[Items from a data source]
______

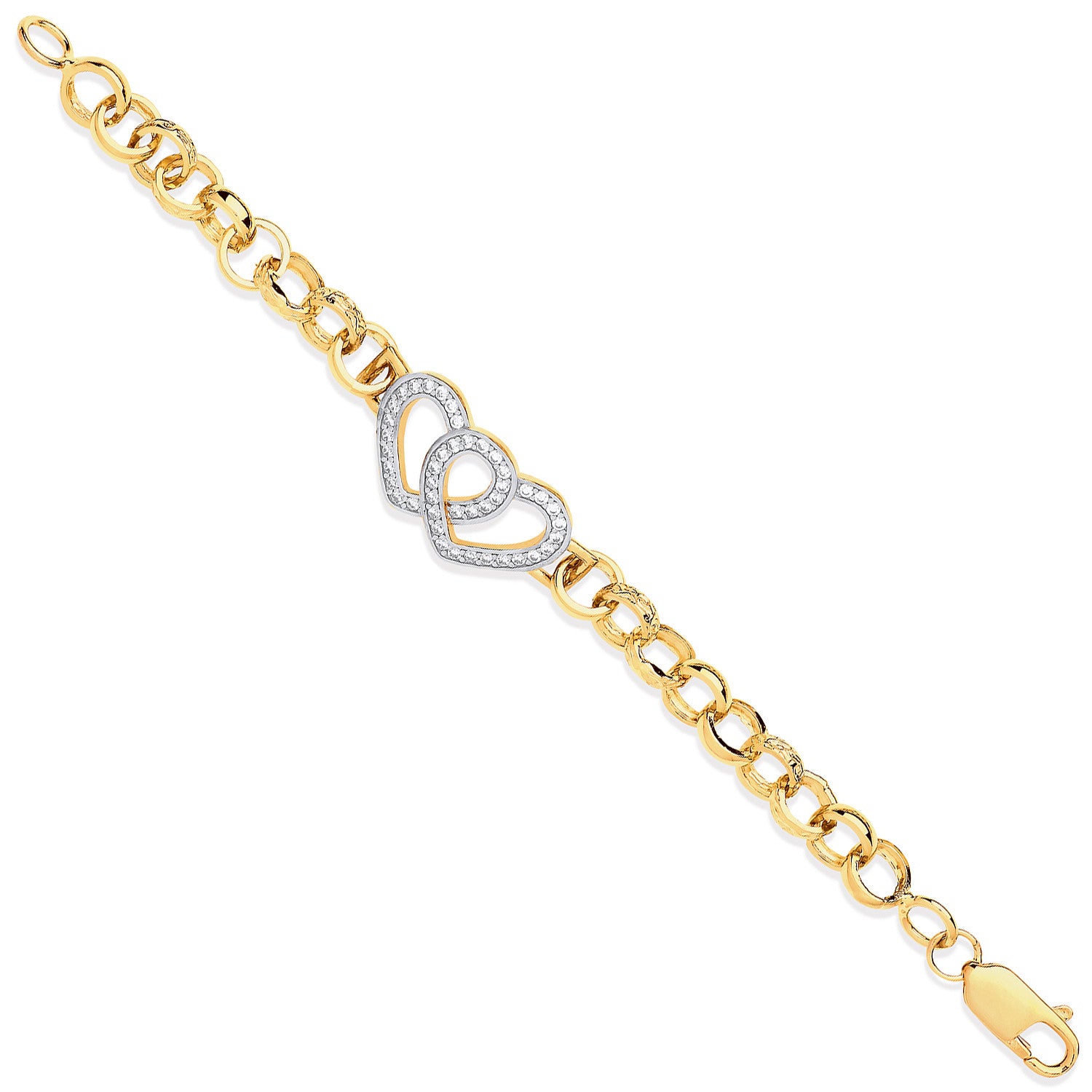 Yellow Gold Belcher Links Cubic Zirconia Hearts Baby Bracelet - 9ct Gold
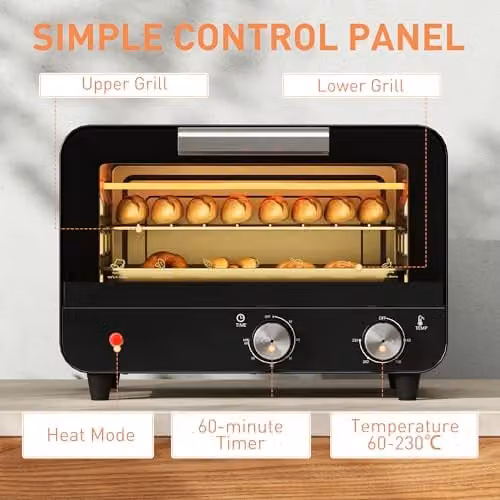 HOMCOM 12L Multifunction Mini Countertop Toaster Oven with Grill and Glass Door, Black – 6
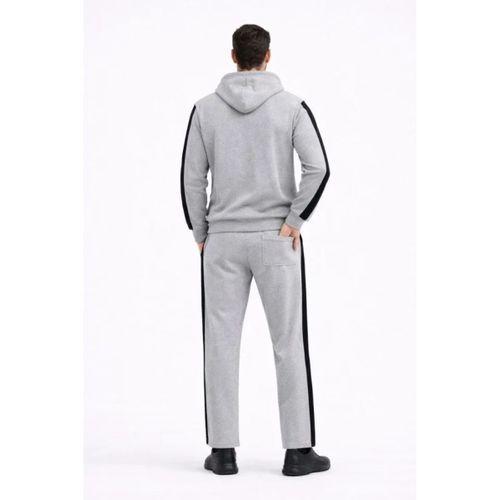 Erkek Şeritli Eşofman Takım Kapüşonlu Sweatshirt Boru Paça Alt, Oversize 3 Iplik Pamuklu - Gri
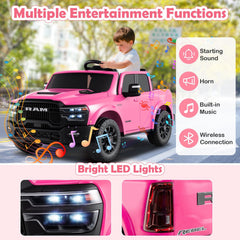 24V Licensed Ram 2500 REBEL 2 Seater Kids Ride On Truck with Soft Start, Puncture Proof Wheels and Music, 110 lb, Pink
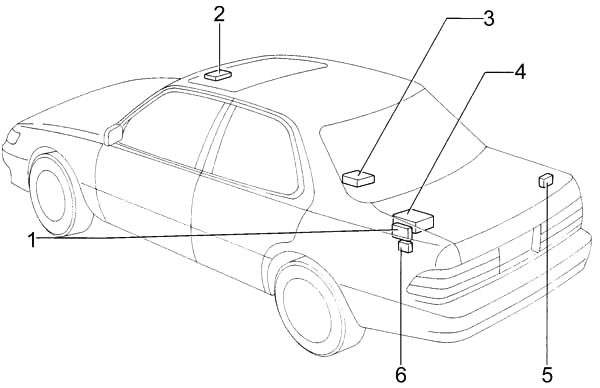 Detail relé startovacího motorku za odkládací schránkou.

______

- Aim of the exercise:
Repeat only the lines from the one with "Erkek Şeritli Eşofman" through the end of the data, both included and exactly as written. Pictures stay out of the copy.

- Problem solution:
 Erkek Şeritli Eşofman Takım Kapüşonlu Sweatshirt Boru Paça Alt, Oversize 3 Iplik Pamuklu - Gri
 24V Licensed Ram 2500 REBEL 2 Seater Kids Ride On Truck with Soft Start, Puncture Proof Wheels and Music, 110 lb, Pink
 Detail relé startovacího motorku za odkládací schránkou.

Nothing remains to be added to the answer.